EXERCISE: Both ends included, restate word for word the lines from the first line of the listing through the line containing "The next sweater". Leave the pictures out.

RECORDS FOR THE EXERCISE:
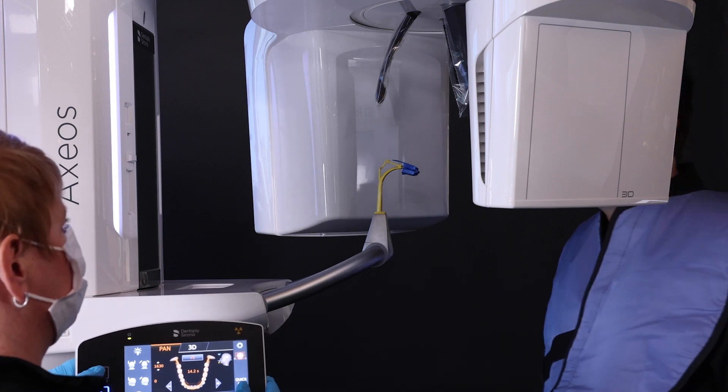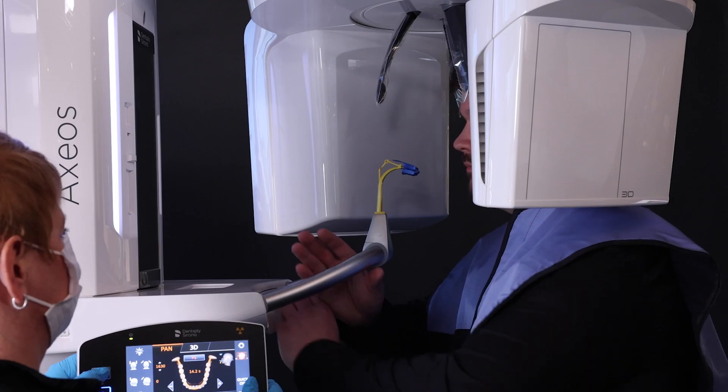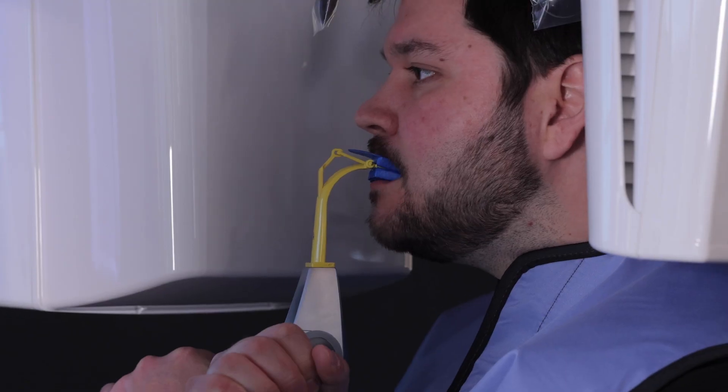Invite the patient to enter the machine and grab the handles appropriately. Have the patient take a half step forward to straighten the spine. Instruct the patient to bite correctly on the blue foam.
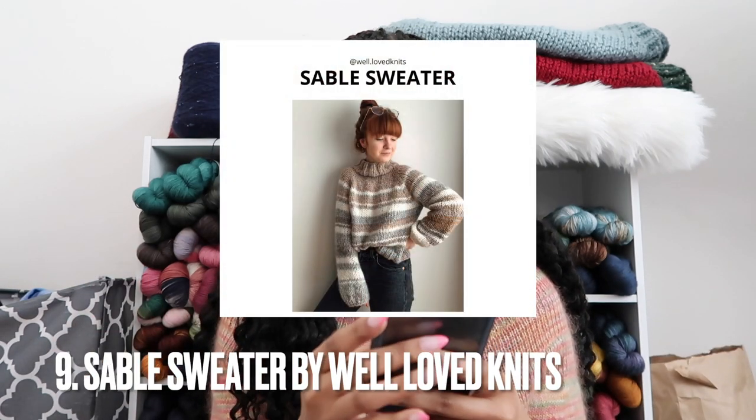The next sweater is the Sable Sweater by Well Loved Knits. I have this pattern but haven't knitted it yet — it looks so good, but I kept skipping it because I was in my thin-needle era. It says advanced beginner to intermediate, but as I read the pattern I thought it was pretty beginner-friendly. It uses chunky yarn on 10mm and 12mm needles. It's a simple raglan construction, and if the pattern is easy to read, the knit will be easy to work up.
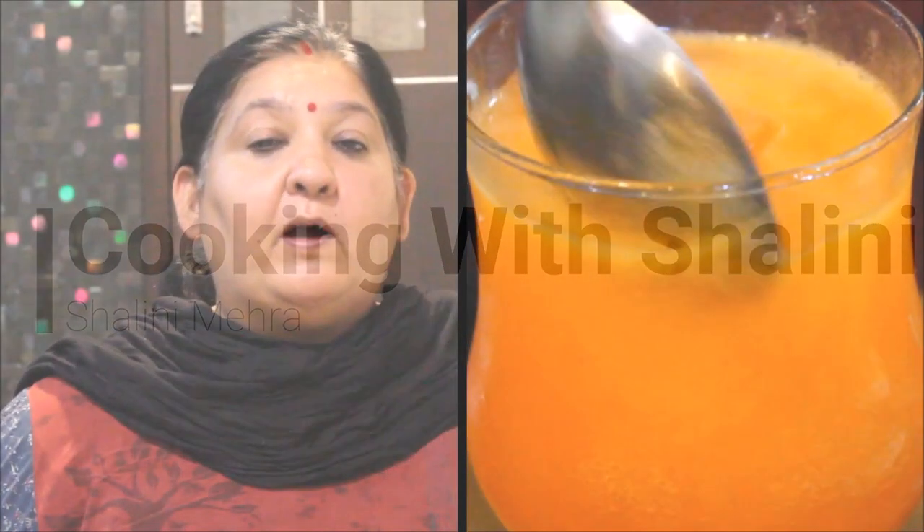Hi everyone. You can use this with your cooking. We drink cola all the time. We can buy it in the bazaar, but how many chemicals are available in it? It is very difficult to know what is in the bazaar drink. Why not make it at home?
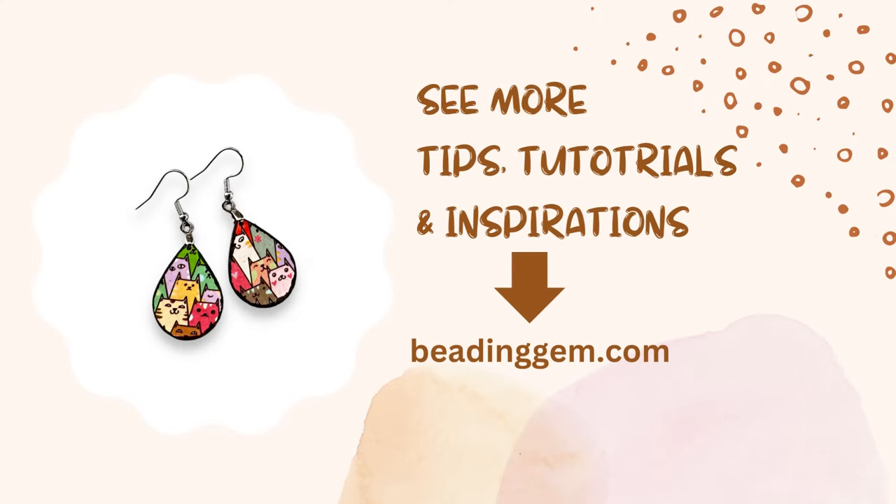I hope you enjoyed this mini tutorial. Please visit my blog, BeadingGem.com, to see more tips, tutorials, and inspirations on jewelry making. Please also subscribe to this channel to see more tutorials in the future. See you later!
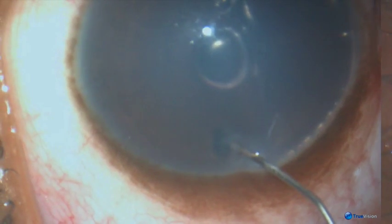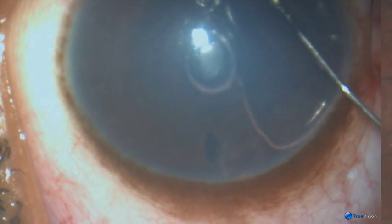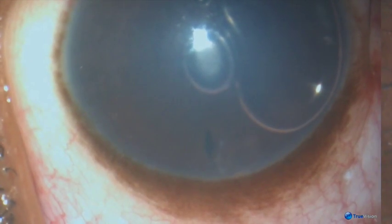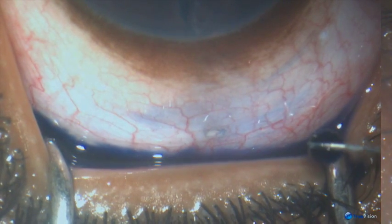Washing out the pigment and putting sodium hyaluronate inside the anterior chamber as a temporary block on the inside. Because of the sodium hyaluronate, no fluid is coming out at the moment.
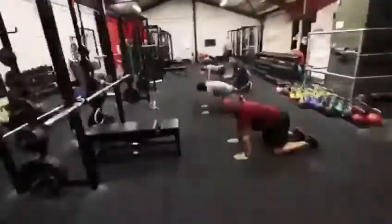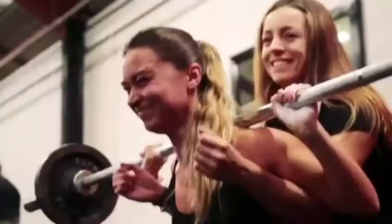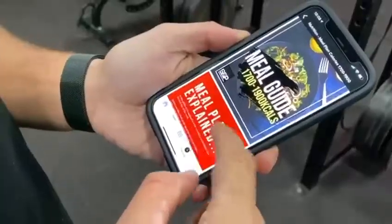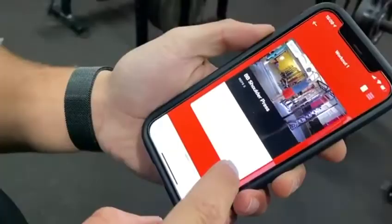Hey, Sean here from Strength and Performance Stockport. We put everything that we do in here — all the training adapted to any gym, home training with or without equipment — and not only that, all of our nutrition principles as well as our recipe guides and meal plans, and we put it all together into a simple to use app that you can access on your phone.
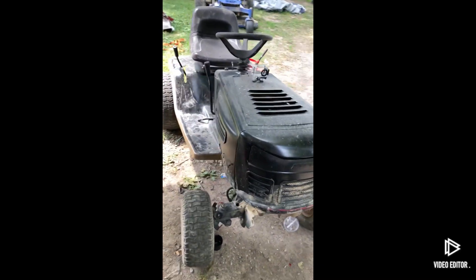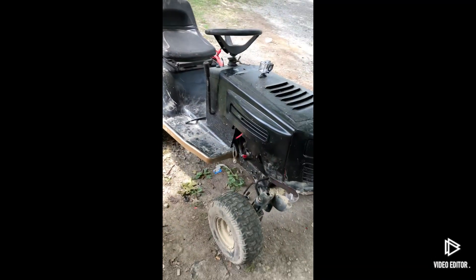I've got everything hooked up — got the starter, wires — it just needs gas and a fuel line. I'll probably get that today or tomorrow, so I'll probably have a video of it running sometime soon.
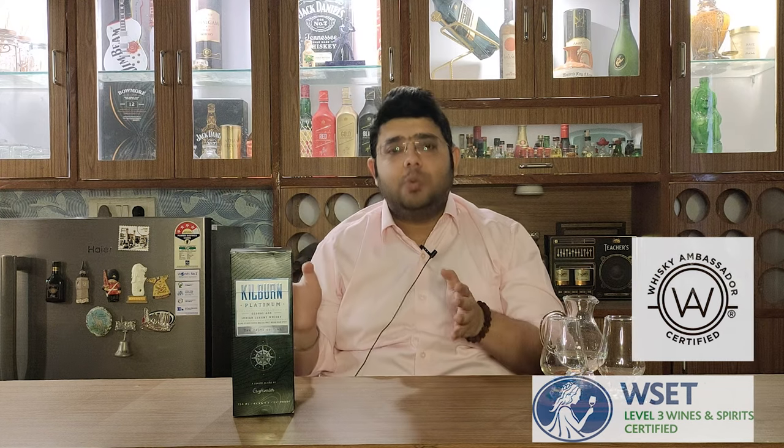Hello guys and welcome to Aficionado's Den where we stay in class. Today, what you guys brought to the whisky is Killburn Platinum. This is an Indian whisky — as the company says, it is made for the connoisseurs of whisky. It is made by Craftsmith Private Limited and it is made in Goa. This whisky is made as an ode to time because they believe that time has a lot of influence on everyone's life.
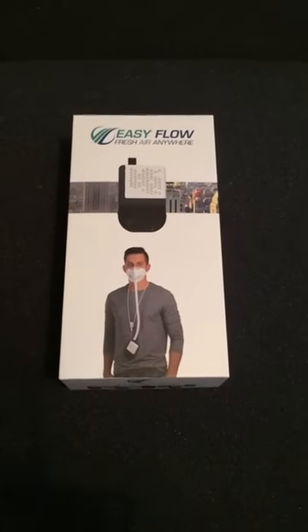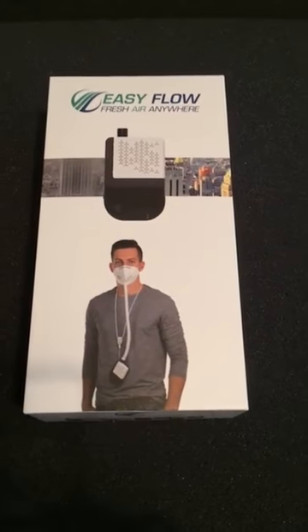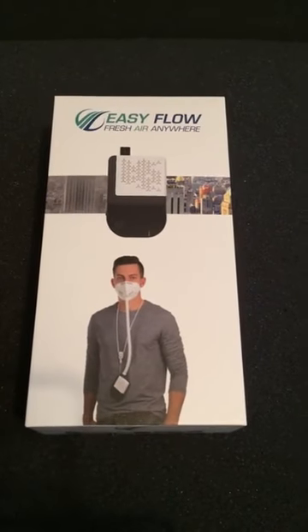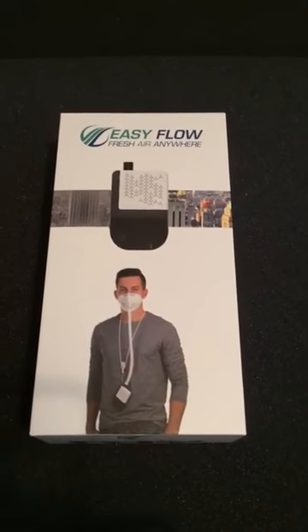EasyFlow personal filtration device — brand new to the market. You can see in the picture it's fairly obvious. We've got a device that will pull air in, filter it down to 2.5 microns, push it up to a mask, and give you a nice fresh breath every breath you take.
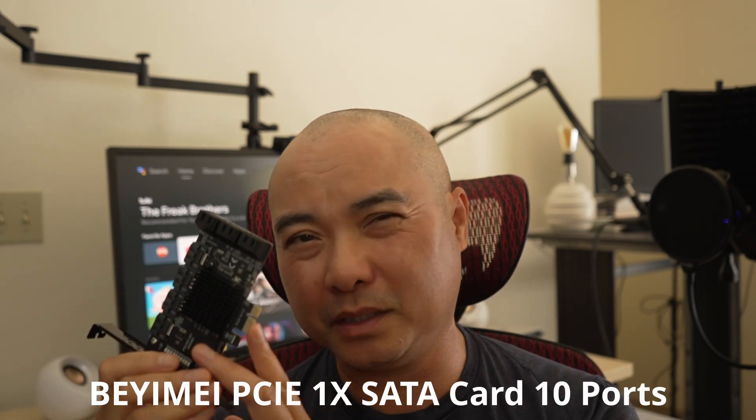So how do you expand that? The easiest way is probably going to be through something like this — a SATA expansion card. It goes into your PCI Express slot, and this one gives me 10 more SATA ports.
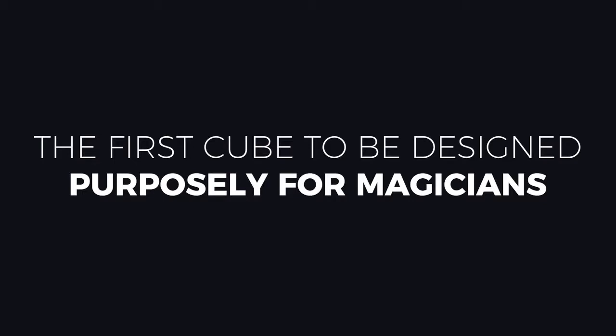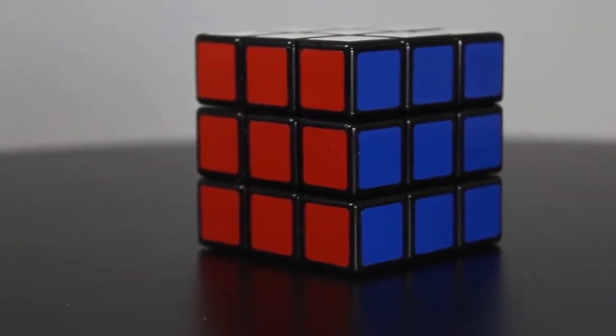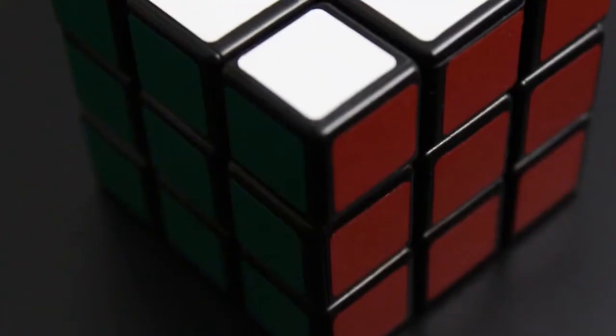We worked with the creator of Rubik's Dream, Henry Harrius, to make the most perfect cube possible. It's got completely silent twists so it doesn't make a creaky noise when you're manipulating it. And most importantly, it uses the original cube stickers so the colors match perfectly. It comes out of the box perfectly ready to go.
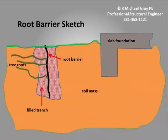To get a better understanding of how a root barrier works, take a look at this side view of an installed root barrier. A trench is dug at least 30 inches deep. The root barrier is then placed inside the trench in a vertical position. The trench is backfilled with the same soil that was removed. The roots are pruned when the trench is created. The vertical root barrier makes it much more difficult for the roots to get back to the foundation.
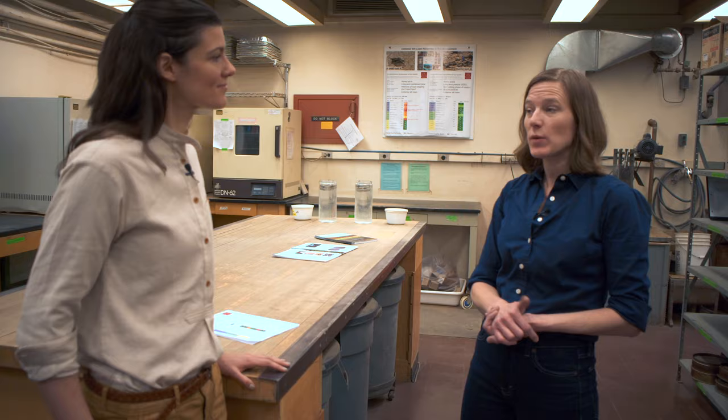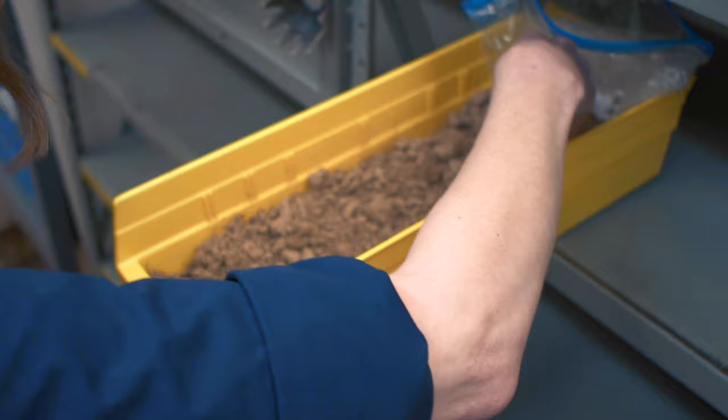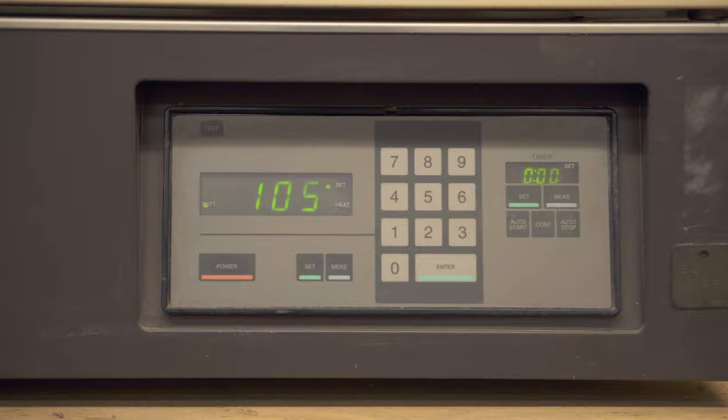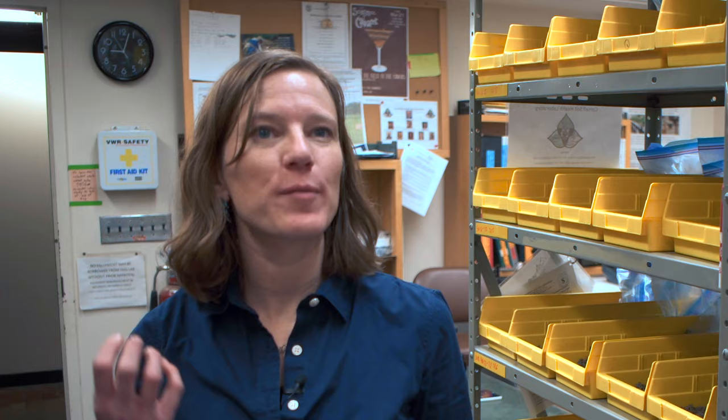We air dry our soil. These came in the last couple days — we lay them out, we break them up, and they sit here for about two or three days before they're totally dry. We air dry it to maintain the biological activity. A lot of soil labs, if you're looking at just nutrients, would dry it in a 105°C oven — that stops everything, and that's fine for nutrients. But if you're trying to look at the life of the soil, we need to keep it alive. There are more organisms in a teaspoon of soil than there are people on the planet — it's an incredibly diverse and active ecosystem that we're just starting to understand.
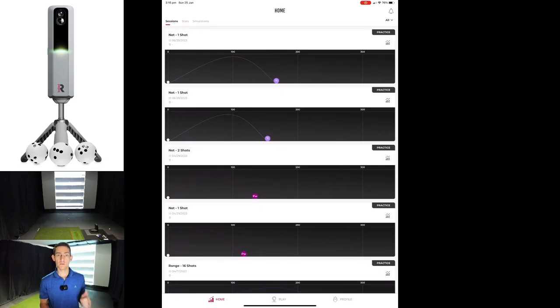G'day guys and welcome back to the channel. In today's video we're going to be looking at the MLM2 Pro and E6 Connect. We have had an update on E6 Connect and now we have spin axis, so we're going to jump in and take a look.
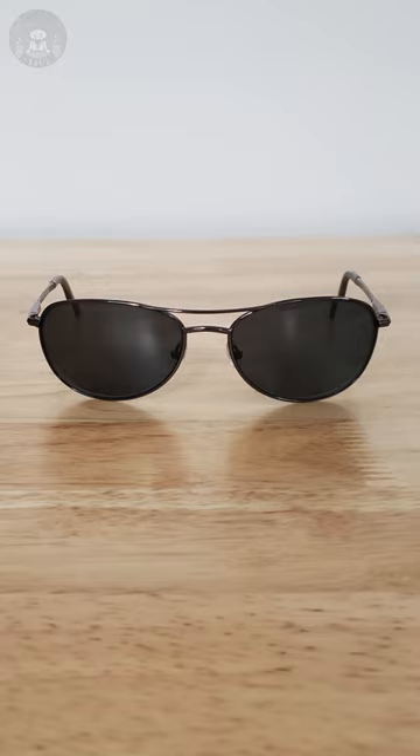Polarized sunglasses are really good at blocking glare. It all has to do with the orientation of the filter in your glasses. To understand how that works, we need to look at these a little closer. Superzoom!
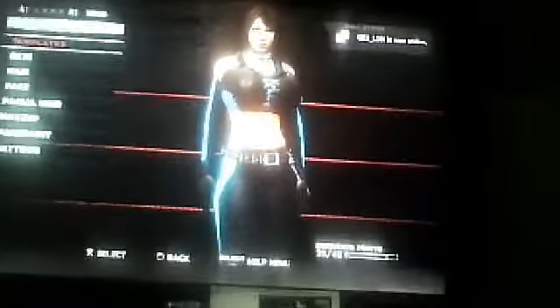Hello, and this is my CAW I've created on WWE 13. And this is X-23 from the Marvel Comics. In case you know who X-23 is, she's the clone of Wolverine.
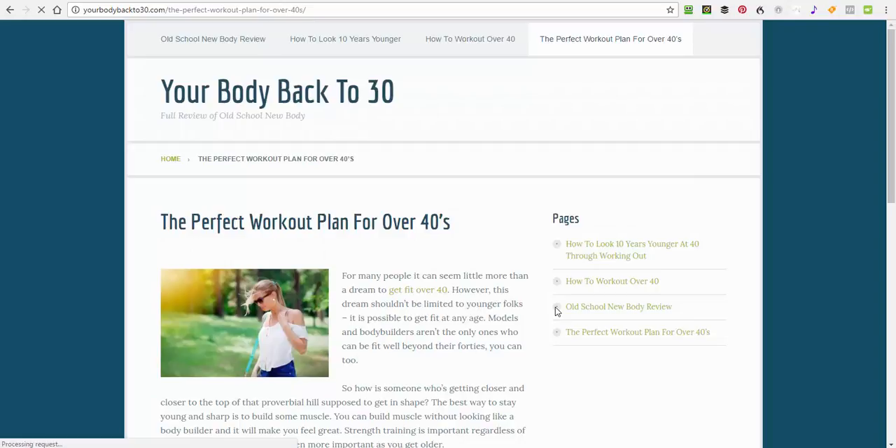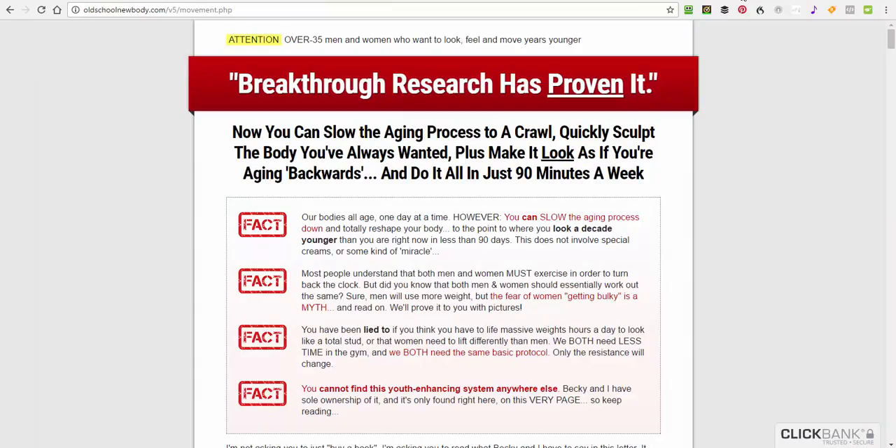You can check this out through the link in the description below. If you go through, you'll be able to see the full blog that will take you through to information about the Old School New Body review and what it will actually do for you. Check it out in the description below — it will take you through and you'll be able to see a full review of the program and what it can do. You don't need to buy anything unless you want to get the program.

ANSWER BOX:
Invite the patient to enter the machine and grab the handles appropriately. Have the patient take a half step forward to straighten the spine. Instruct the patient to bite correctly on the blue foam.
The next sweater is the Sable Sweater by Well Loved Knits. I have this pattern but haven't knitted it yet — it looks so good, but I kept skipping it because I was in my thin-needle era. It says advanced beginner to intermediate, but as I read the pattern I thought it was pretty beginner-friendly. It uses chunky yarn on 10mm and 12mm needles. It's a simple raglan construction, and if the pattern is easy to read, the knit will be easy to work up.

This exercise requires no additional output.